Neely A, Olcese R, Baldelli P, Wei X, Birnbaumer L, Stefani E
Department of Molecular Physiology, Baylor College of Medicine, Houston, Texas 77030.
Am J Physiol. 1995 Mar;268(3 Pt 1):C732-40. doi: 10.1152/ajpcell.1995.268.3.C732.
Ca2+ channels are heteromultimeric proteins in which the alpha 1-subunit forms the voltage-dependent Ca(2+)-selective ionic channel. We reported recently that coexpression of the beta-subunit with the cardiac alpha 1-subunit (alpha 1C) facilitates channel opening without affecting either the amplitude or the time course of the gating currents (13). Here we present evidence for the existence of two modes of channel opening. Xenopus oocytes expressing the alpha 1C-subunit alone display two modes of activation as indicated by the double-exponential time course of macroscopic ionic currents and the two open-time distributions of single channels. Coexpression of the beta-subunit potentiates Ca2+ currents by a relative increase of the fast-activating component, an acceleration of the slow component, and a larger proportion of long openings.

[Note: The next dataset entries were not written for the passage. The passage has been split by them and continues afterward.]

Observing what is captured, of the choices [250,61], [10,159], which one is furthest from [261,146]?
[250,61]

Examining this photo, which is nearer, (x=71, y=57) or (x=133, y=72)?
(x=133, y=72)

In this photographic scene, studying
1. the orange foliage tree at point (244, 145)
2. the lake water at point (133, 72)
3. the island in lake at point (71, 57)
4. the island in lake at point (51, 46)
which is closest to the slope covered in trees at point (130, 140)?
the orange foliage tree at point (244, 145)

We propose that multiple modes of gating are encoded in the alpha 1-subunit and that the beta-subunit increases Ca2+ channel opening by favoring a willing mode of gating in which the final transitions leading to channel opening are facilitated. In addition, we show that the carboxy terminus of alpha 1C also modulates the channel-gating behavior.

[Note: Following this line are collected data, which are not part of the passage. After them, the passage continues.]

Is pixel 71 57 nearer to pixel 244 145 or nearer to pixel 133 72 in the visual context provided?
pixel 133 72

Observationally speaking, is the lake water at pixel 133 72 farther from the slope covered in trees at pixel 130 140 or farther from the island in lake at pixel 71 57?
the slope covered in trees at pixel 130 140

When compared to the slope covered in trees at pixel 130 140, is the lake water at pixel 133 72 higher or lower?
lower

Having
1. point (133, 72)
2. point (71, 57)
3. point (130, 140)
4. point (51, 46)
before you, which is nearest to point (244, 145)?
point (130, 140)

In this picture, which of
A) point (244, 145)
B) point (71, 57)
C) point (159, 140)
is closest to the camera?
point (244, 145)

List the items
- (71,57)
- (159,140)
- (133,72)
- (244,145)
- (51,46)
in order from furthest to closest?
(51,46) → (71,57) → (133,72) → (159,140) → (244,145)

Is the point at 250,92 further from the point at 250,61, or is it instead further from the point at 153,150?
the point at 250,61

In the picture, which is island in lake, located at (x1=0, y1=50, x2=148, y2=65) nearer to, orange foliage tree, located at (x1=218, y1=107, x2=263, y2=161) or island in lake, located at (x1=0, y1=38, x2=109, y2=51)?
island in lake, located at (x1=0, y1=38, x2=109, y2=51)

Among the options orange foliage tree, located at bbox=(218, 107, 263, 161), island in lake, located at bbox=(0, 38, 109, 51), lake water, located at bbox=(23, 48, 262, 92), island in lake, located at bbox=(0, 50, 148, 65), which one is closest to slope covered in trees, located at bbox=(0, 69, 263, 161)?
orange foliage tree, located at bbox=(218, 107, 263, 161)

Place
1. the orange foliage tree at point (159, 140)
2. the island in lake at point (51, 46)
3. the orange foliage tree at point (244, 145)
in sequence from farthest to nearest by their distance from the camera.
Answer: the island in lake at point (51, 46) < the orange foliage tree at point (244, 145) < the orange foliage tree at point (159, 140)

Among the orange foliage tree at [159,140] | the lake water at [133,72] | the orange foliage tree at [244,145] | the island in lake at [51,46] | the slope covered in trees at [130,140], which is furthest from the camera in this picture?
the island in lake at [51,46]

钙离子通道是异源多聚体蛋白,其中α1亚基形成电压依赖性钙选择性离子通道。我们最近报道,β亚基与心脏α1亚基(α1C)共表达可促进通道开放,而不影响门控电流的幅度或时程(13)。在此,我们提供了通道开放存在两种模式的证据。单独表达α1C亚基的非洲爪蟾卵母细胞表现出两种激活模式,这由宏观离子电流的双指数时程和单通道的两种开放时间分布表明。β亚基的共表达通过快速激活成分的相对增加、慢速成分的加速以及更长开放比例的增加来增强钙电流。我们提出,多种门控模式编码在α1亚基中,并且β亚基通过促进一种有利的门控模式来增加钙离子通道开放,在这种门控模式中,导致通道开放的最终转变更容易发生。此外,我们表明α1C的羧基末端也调节通道门控行为。